Hi All, I have been trying to fetch the reads mapped to influenza virus genome (negative sense RNA) in an RNA seq. data from chicken infection experiment that I have recently done., using Fastq screen (https://www.bioinformatics.babraham.ac.uk/projects/fastq_screen/). It is a nice tool, where you can edit the configuration file (by adding database/s to screen against, an aligner. I have used two aligner, the BWA and the Bowtie2, have indexed the genomes of the 3- databases (mice as a control negative, chicken, and influenza virus of the same strain used for infection plus another reference strain). The indexing was correct:
bwa index Guangdong_HA
bowtie2-build Guangdong_HA.fasta Guangdong_HA
Then I run Fastq screen : here I used bwa, but have done this for bowtie2 and I am telling the tools to align my fastq file (infected at 6 hpi) against the 3-databases.
FastQ-Screen-0.15.3/fastq_screen --aligner bwa /mnt/lustre/RDS-live/samir/ephemeral/Infection_expe/fastq/Ross-6h-A_R1_trimmed.fastq
I have done the same for fasta file that are produced from STAR alignment basically after removing the reads aligned to the chicken genome.
FastQ-Screen-0.15.3/fastq_screen --aligner bwa /mnt/lustre/RDS-live/samir/ephemeral/Infection_expe/fastq/unmapped_fastq/Ross_6h_A1Unmapped.out.mate1.fastq
I have run this for also infection at 12 hpi, I obtained nice mapping to chicken, no unique mapping to mice and no mapping to any of the flu RNA databases, see below
I am sure it is something in the aligner: Did bwa aligner works when aligning RNA (my samples) against RNA (the flu database) ? Did Bowtie2 did the same ?

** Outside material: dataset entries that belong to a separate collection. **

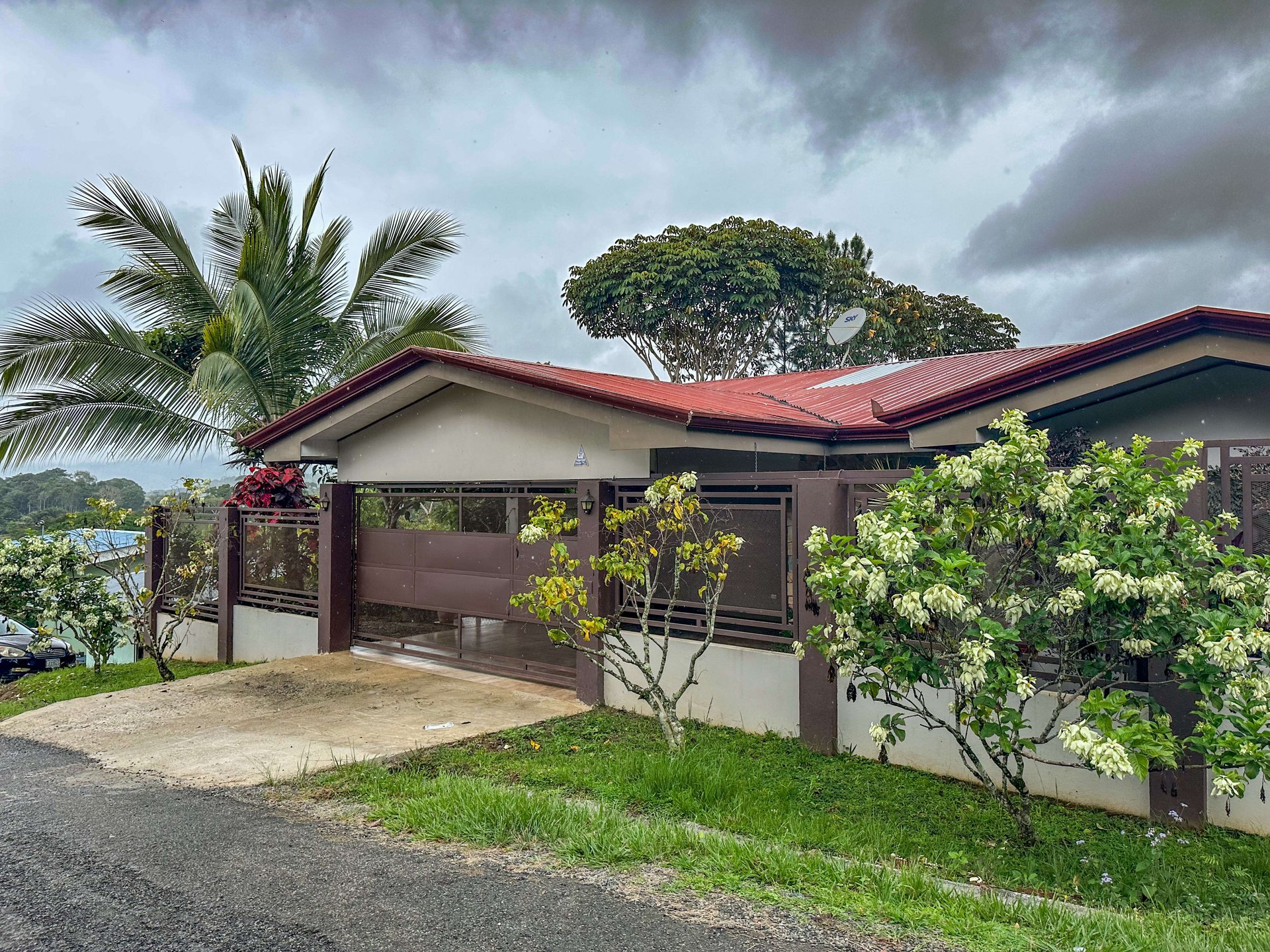 Costa Rican Gem: Spacious 4BR Home with Fruit Trees, Fully Furnished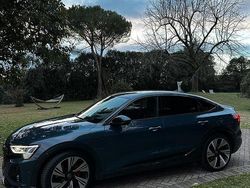 Blu Usata 2024 Audi Q8 S-Line SUV | 59.999 €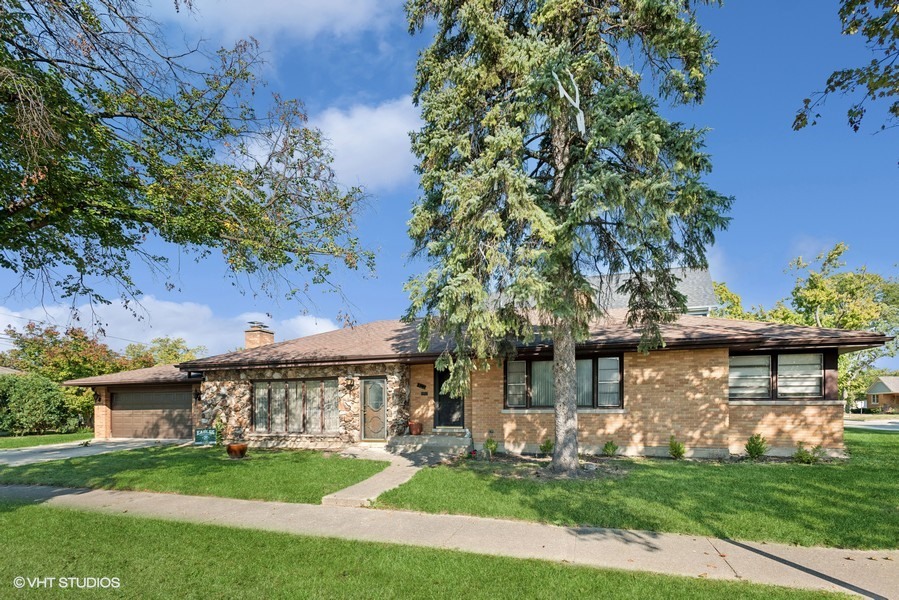 a view of a yard in front of house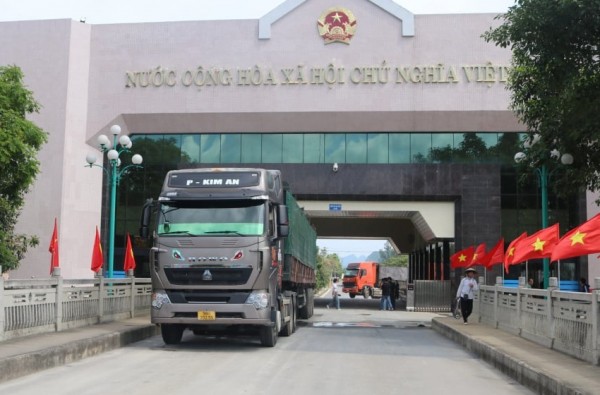 Cao Bằng: Tổng thu ngân sách tăng 79% so với cùng kỳ 2024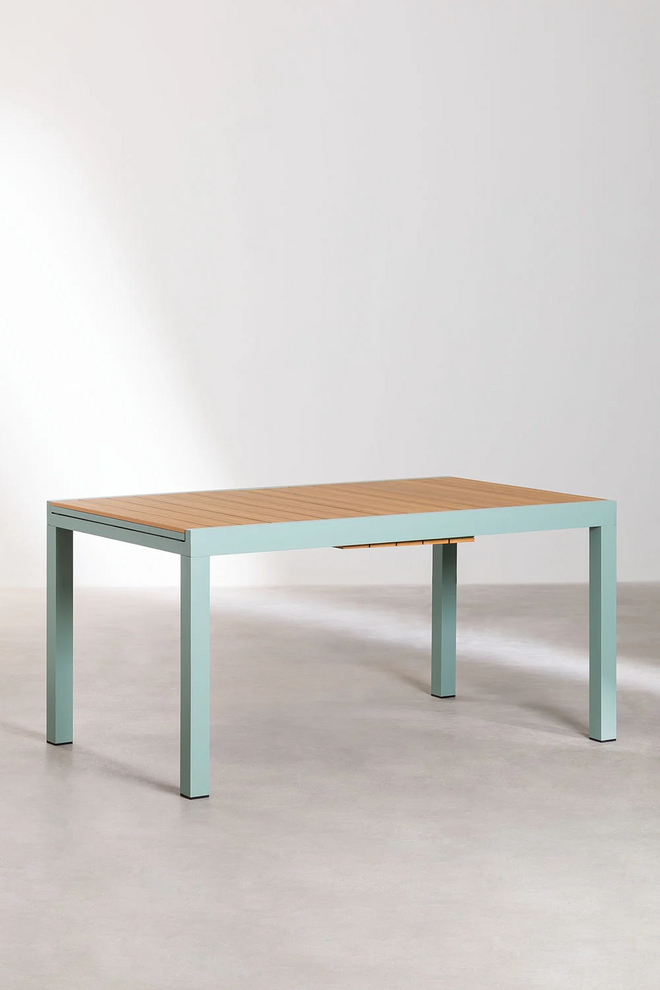 Mesa de jardim Saura, €429,95, Sklum.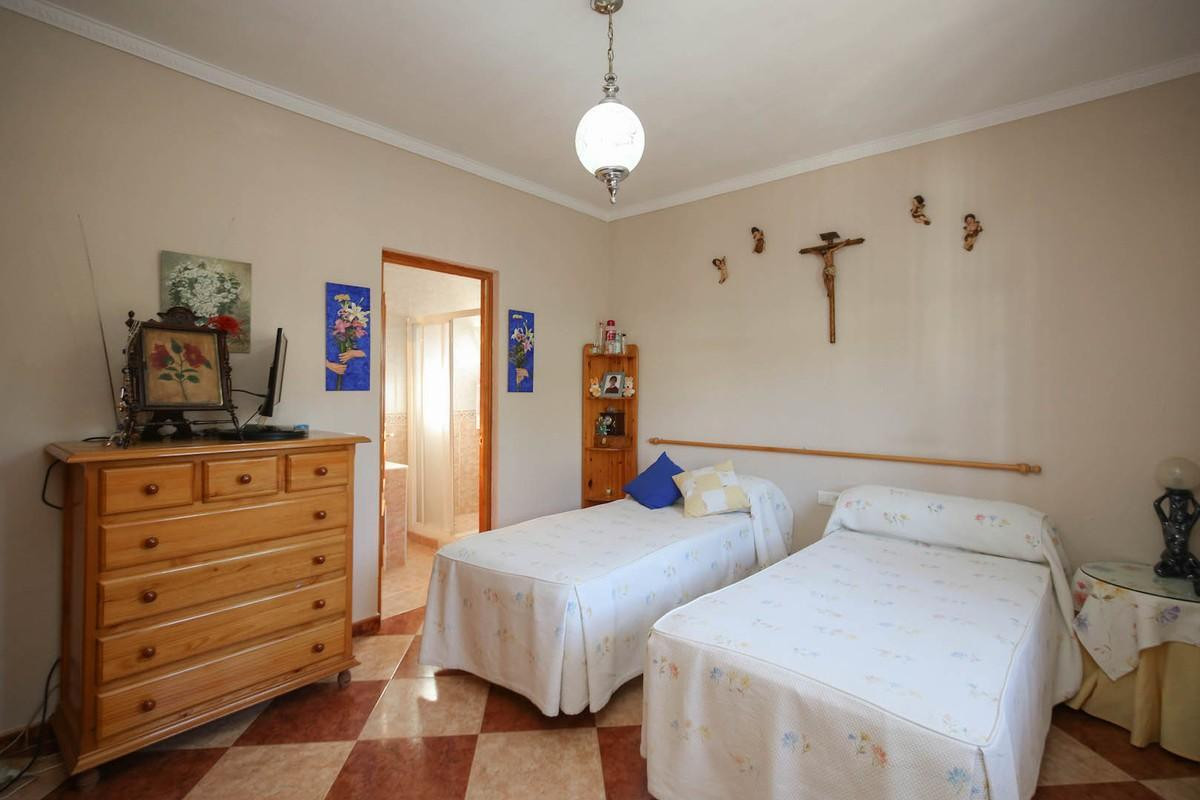 Villa for sale in Alhaurín de la Torre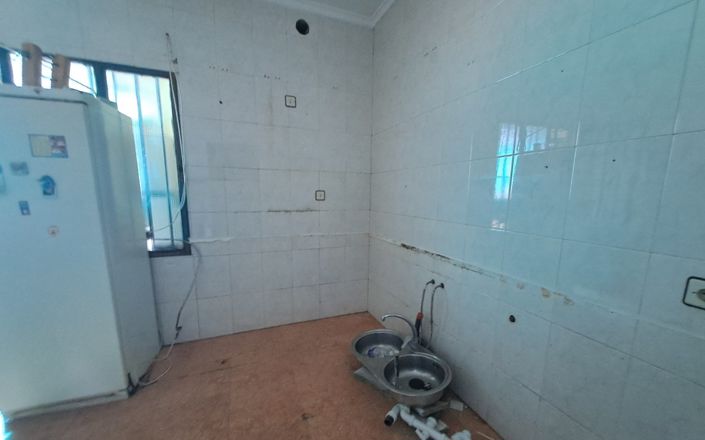 Image No.7-5 Bed House for sale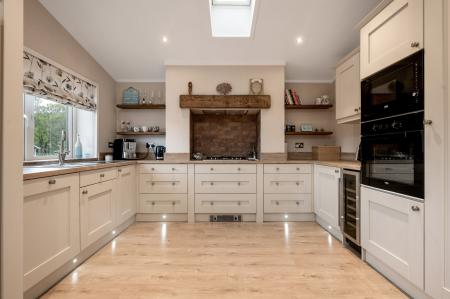 2 bedroom Lodge for sale in Waters View, Yarwell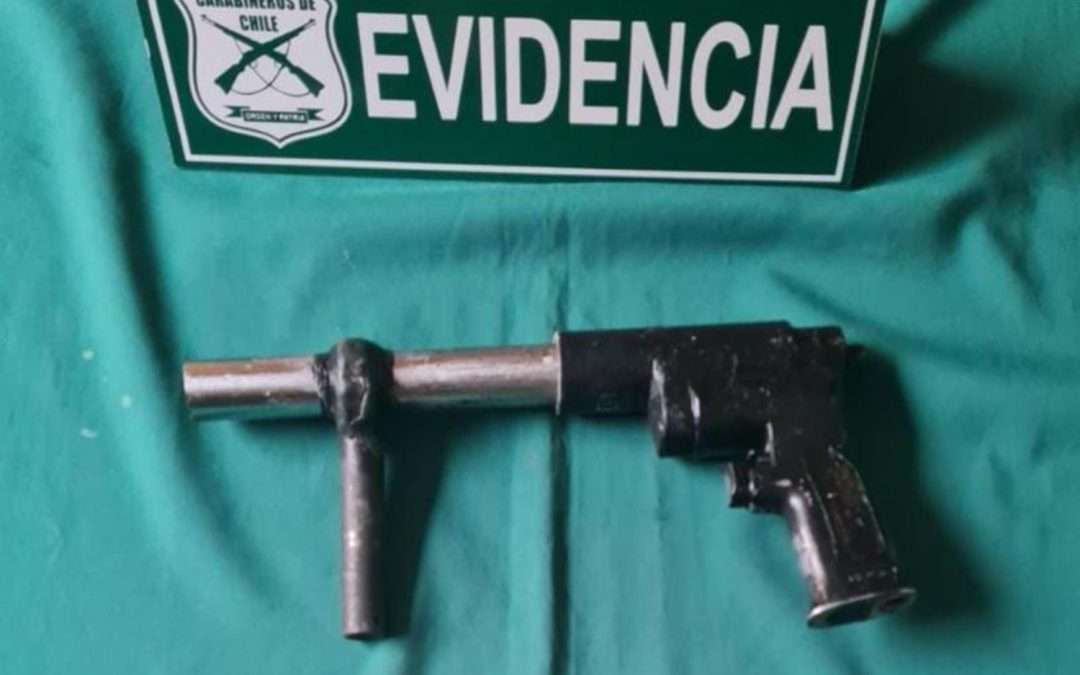 Sujeto es detenido al ser sorprendido manipulando un arma de fuego artesanal en Antofagasta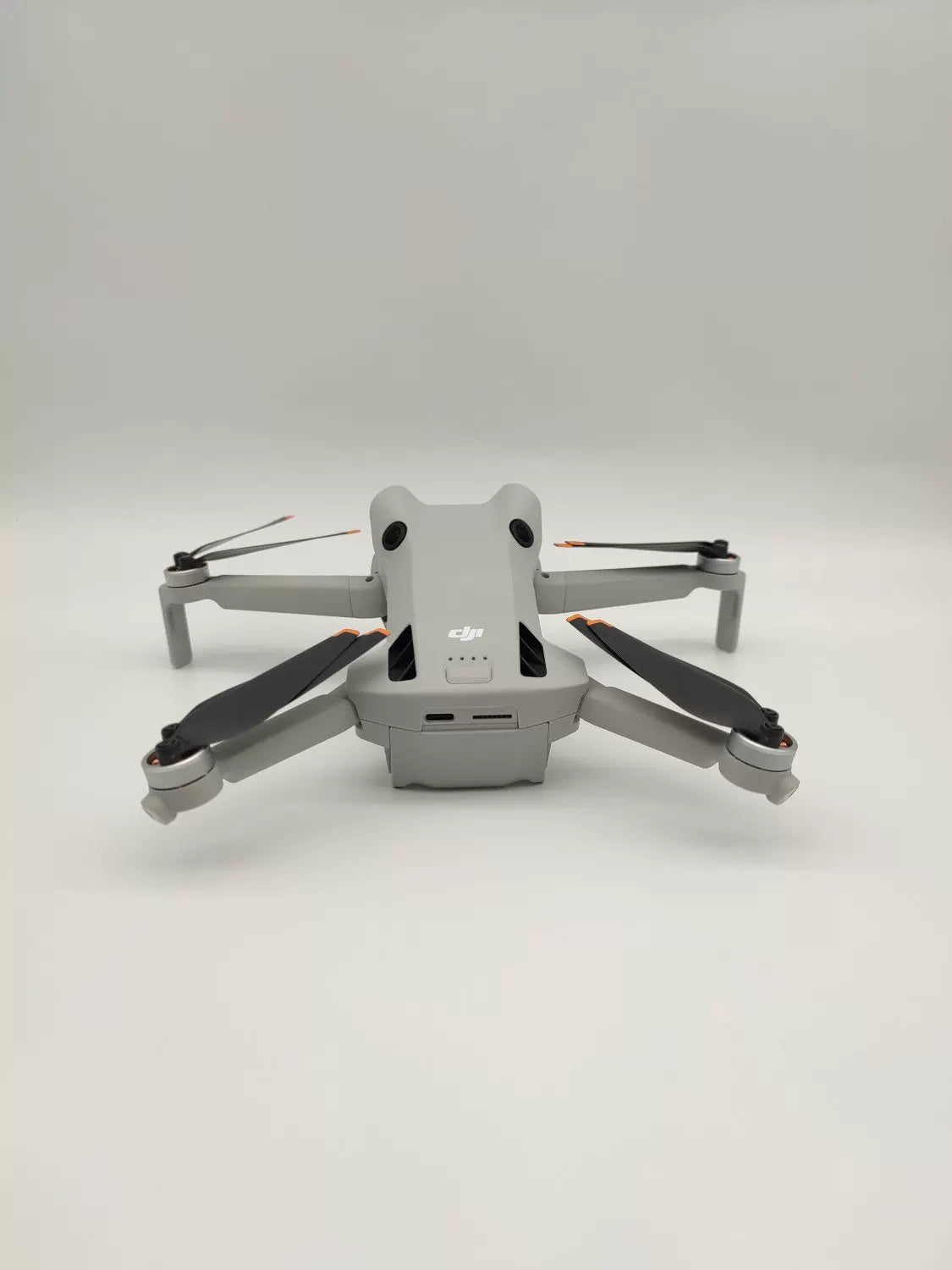 DJI Mini4pro with Screen, Extended Battery Fly More Combo with DJI Care Refresh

Could any of you explain to me why do not I have reads mapped to the virus. Peoples who done the infection told they have nicely infected the samples.
Thanks
Thanks for your comments: (1) there was no viral RNA in the sample you collected: this is something we can not validate unless we run RT-qPCR on the sample, which is not feasible at the moment, but could be underpowered infection, because it is actually infecting chicken egg.
(2) a lack of sequencing depth precluded you from identifying any viral RNA that might have been in your sample; we run 40 X million read depth, which is high, Do you think using blast search could get me any remnants if the seq depth was not high enough to capture virus ?
or (3) the viral reference segments do not match closely enough to the viral RNA in your sample: I do not think so, because I run the alignment against the actual virus that was used in the infection. there might be changes during the infection itself, that is why I align it also against a reference influenza strain, which also did not produce any hits as well.
A general last question: do you think the polyA enrichment during the sequencing could preclude detection the virus reads as they are not polyadenylated.
(1) Propogating an influenza virus in embryonated chicken eggs is a common practice for enrichment purposes, but it does not look like it was effective based on the graphs you are showing and without confirmation of the virus using qPCR or a hemagglutination assay.
(2) If the sequencing depth was not high enough to capture the virus, BLAST will not be able to find it. I guess my point was to take the reads that did not map to anything and then BLAST them to see what hits you get. You may get hits to a viral segment not currently represented in your reference database, e.g., PB (segment 3), NA (segment 4) or NS1/NS2 (segment 8) or human/bacterial background DNA.
(3) This sounds fine. Try adding in the other segments if they are available, i.e., those representing the polymerase, neuraminidase and non-structural proteins.
I do not have an educated opinion about your last question.